Re: [PATCH] swiotlb: avoid double copy with swiotlb on tx socket

From: Luigi Rizzo

Date: Tue Jun 16 2026 - 05:49:25 EST


On Tue, Jun 16, 2026 at 11:20 AM Pedro Falcato <pfalcato@xxxxxxx> wrote:
>
> (+cc page pool maintainers)
> On Mon, Jun 15, 2026 at 11:42:20PM +0000, Luigi Rizzo wrote:
> > The use of swiotlb causes an extra data copy on I/O. For tx sockets,
> > especially with greedy senders, this has a high chance of happening in
> > the softirq handler for tx network interrupts, creating a significant
> > performance bottleneck.
> >
> > Allow tx sockets to allocate socket buffers directly from the bounce
> > buffers. This avoids the second copy and removes the above bottleneck.
> > The fraction of swiotlb buffers allowed for this feature is set with
> > /sys/module/swiotlb/parameters/zerocopy_tx_percent
> > (0 means disabled, 90 is the maximum, to avoid persistent I/O failures).
> >
> > Implementation:
> > - define a new page type to unambiguously identify bounce buffers used
> > as backing storage for socket buffers
> > - modify skb_page_frag_refill to perform the modified allocation
> > - modify the destructors __free_frozen_pages(), free_unref_folio() to
> > handle those pages and return them to the pool.
> >
> > The savings are especially visible with fewer queues. In synthetic
> > benchmarks, senders with 1-2 queues would cap around 50Gbps with
> > conventional swiotlb, and reach over 170Gbps with the feature enabled.
>
> I could be wrong, but I genuinely think that the way to go about this is
> using page_pool for regular TX as well. page_pool pages are all dma-mapped
> (so whatever swiotlb optimization you want can be done there), and the net
> stack already has awareness of these special pages and special skbs, so it
> won't Just Return Them back to the page allocator.

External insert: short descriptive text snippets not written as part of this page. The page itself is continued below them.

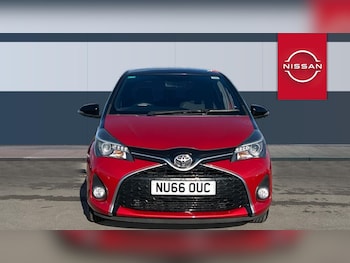 Used Toyota Yaris 2016 for sale - 76364316: Photo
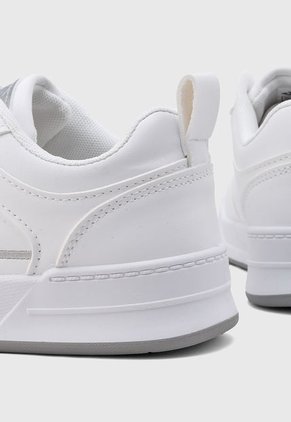 Tenis Lifestyle Blanco-Gris Royal County of Berkshire Polo Club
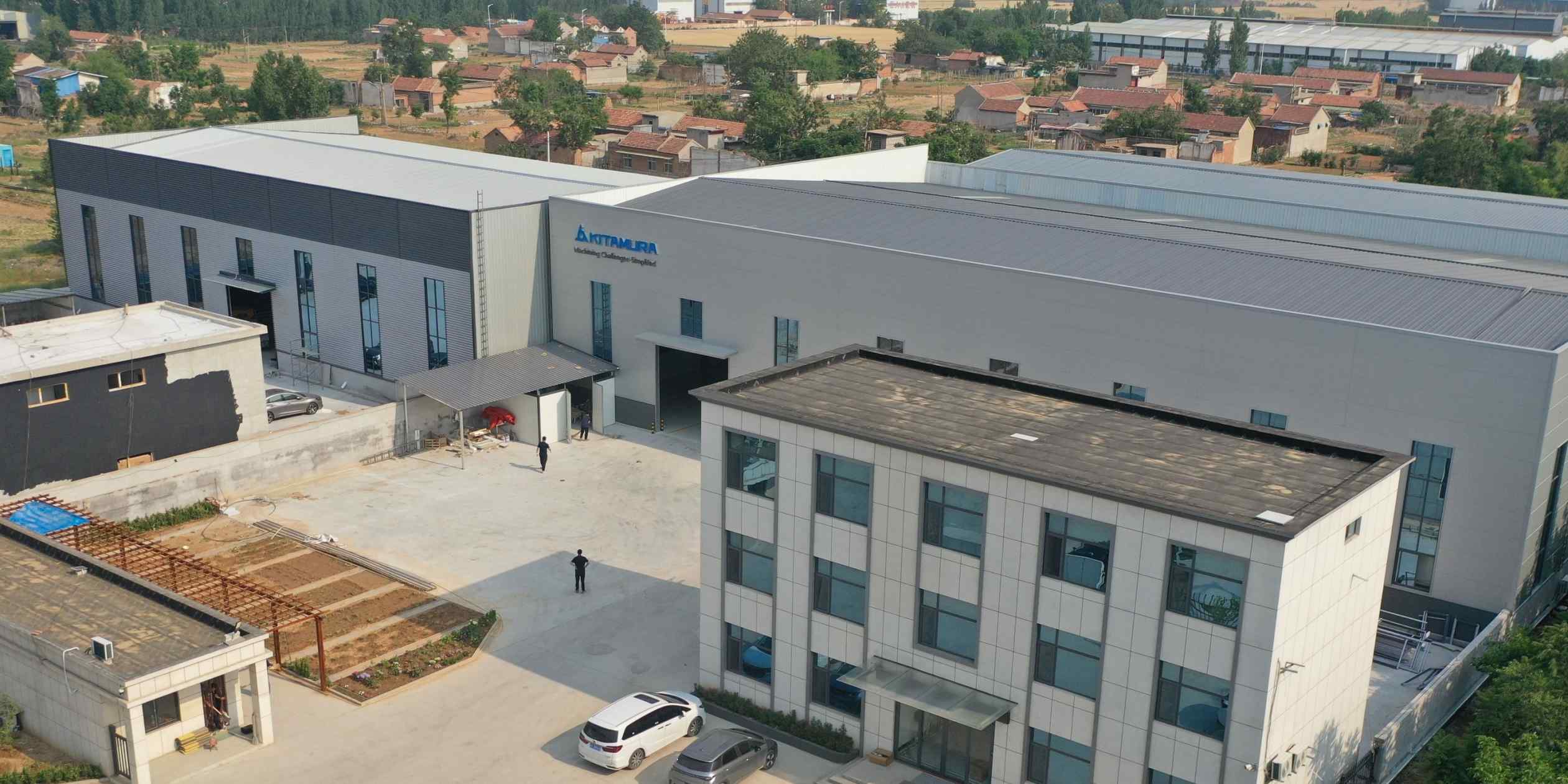 Japan machine tool maker Kitamura launches Chinese sales arm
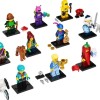 Coleção mini figuras LEGO Série 22 71032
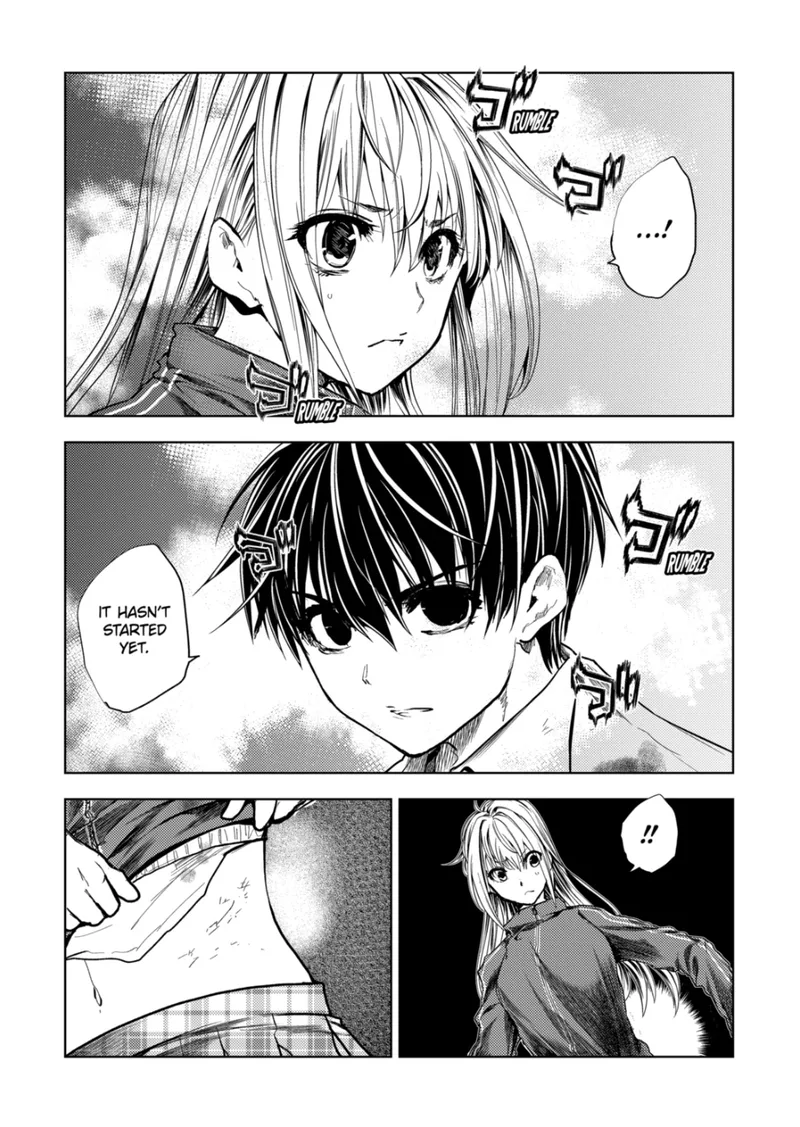 Deatte 5 Byou de Battle Chapter 216 page 7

I am not sure I follow your comment above, can you expand/clarify?

The problem I am dealing with is that the copy from the socket buffer
to the bounce buffer is done in the device xmit function. Under high
it is almost always done by the tx softirq.
This means that even if we move the copy outside the HARD_TX_LOCK(),
it would still be almost completely serialized.
Hence the proposed method to make skb_page_frag_refill() allocate
directly a bounce buffer (under specific conditions) so there is a single copy
done directly to the dma-able buffer, and ii is done in the user threads/CPUs
and is not seriallized in the softirq thread.

I am not sure how page_pool on tx could help here.

cheers
luigi